Challenger: Reese Witherspoon

Andy Greenwald: Rom-com heroines are supposed to melt. It’s the unavoidable turn after the third-act twist: Our love-starved lead, bedeviled by indecision and tripped up by plot, turns to the just-a-boy standing in front of the just-a-girl and drops her defenses. Her eyes widen, her lip trembles, her heart decides. In a word: She melts. (That this is also the key attribute of processed cheese is not a coincidence.)

Reese Witherspoon, despite her candylike first name and buttercream appearance, does not melt. It’s against her nature even to soften. When circumstances demand surrender, her features contort more in panic than in bliss. There’s a moment early on in Sweet Home Alabama in which a pre-McDreamy Patrick Dempsey (playing a sort of Cuomoish, Kennedyesque scion) sneaks Witherspoon’s Melanie Carmichael (née Smooter) into Tiffany’s to dazzle her with a surprise proposal. When the lights snap on and the dozens of retail workers who’d better be getting generous overtime beam contentedly, Dempsey drops to one knee. And Witherspoon’s face looks less overwhelmed than overcome — with nausea, specifically. Her eyes bug out of her skull like she’s just taken a swig of rotten milk. She looks embarrassed for everyone. Even the audience.

Sweet Home Alabama was a huge hit when it was released 12 years ago, but it has aged abominably: A movie about a successful fashion designer should make at least some small effort to be fashionable; a film about the moral superiority of Southerners ought to endeavor to treat them as something other than amusing cartoons. Still, it offers tremendous insight into Reese Witherspoon’s many gifts as well as her highly specific limits. She’s the rare actor whose gear-grinding, teeth-gnashing drive is inseparable from her appeal. (Another? Tom Cruise.) Her best roles — Tracy Flick in Election, June Carter in Walk the Line, Ride or Die Wife No. 1 in this — involve no compromise and very little swooning. That’s why the only part of Alabama that makes sense is the opening, in which Witherspoon’s Melanie pulls an all-nighter at her company’s lovably distressed Soho loft (sure), is air-kissed by her fabulously gay, mock-turtleneck-wearing African American mentor (uh-huh), and generally treats Fashion Week the way Sherman treated Atlanta.

Once Dempsey takes a knee, though, Witherspoon’s agency goes out the window. Returning to her “colorful” hometown in a rented Saab, she’s more or less an asshole. Conceding to the inevitability of her childhood romance, she’s more or less a sap. The fact that Reese is constitutionally incapable of falling to pieces is what makes her interesting. It’s also what makes her a terrible fit for rom-coms and why her presence on this list is so brief. She doesn’t do well as a target. You don’t want to get her. What you want is to get out of her goddamn way.


Champion: Drew Barrymore

Mark Lisanti: I suppose we could talk about Drew Barrymore right now. You could pull up a chair, bring over a couple of lattes from the barista bar, and we could settle into a mutally satisfying conversation about 50 First Dates, which many might consider the high-water mark on Barrymore’s rom-com résumé. (“Above The Wedding Singer?” you gasp, spilling coffee down your Van Halen T-shirt, then go back to your Fandango purchase of Blended tickets.) Or about how Barrymore almost certainly has the most interesting career of anyone on this Hall of Fame list, having matured before our eyes from doe-eyed child actor to still-doe-eyed-but-with-a-hint-of-hard-won-wisdom star-cum-mogul.

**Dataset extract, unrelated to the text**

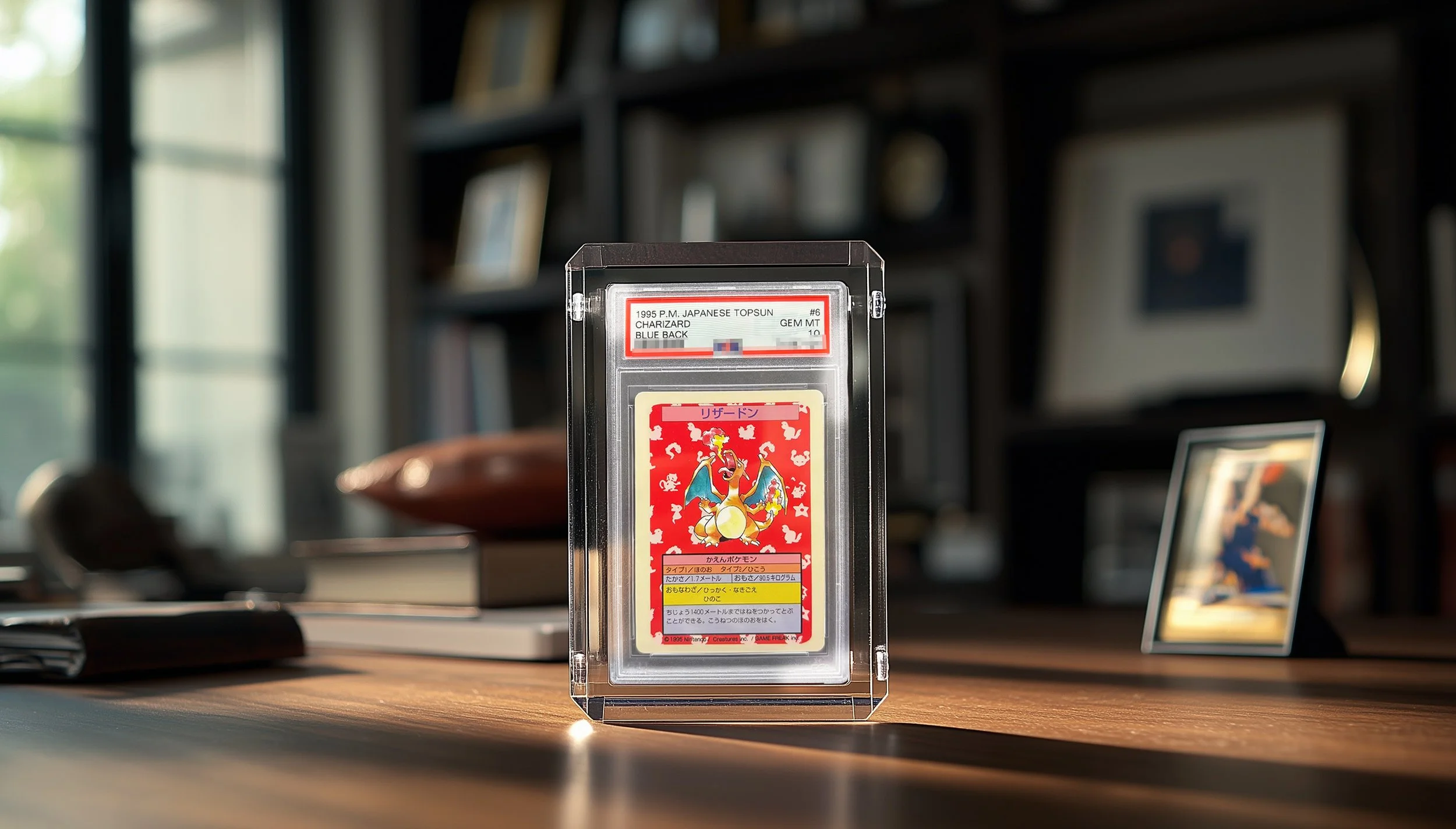 charizard japanese.jpg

But let’s talk philosophy instead. Because I’m working on a crackpot theory you may be interested in, because you’ve just read about 6,000 words about rom-coms to even get to this point.

In the Hegelian dialectic, thesis gives rise to its antithesis, resolving in synthesis. You may have learned this in high school or college. Or on Wikipedia if you followed this link like I just did. Let’s not pretend we all can’t use a refresher course in the core principles.

In the Heiglian dialectic, reesis gave rise to her antidrew, resolving in katherinsis. Let me explain.

Following 2002’s Two Weeks Notice, anchored by two of the all-time greats in Sandy Bullock and Hugh Grant, the universe entered an age of great Rom-Com Uncertainty. Into that void stepped Sweet Home Alabama’s Reese Witherspoon, a flinty, driven heroine fresh off the career-redefining hit of Legally Blonde, ready to seize the moment laid at her feet. And seize it she did: After dispensing with a terrible Blonde sequel, she was right on her way to an Oscar in Walk the Line.

So consider 50 First Dates–era Barrymore the universe’s antithesis, a spiritual course correction to a much gentler rom-com presence. Whereas Witherspoon displayed awards-worthy chops and the obvious desire to graduate out of the genre, the retired wild child Drew — scion of a legendarily debauched Hollywood clan who’d had her in the game since toddlerhood — had settled comfortably into a second romantic Adam Sandler vehicle. There’s not a single awards play until Grey Gardens in 2009. She was content to rom-com it up and collect enormous producing fees, because by then she’d already had life figured out, knowing Oscars aren’t as important as seven- and eight-figure checks.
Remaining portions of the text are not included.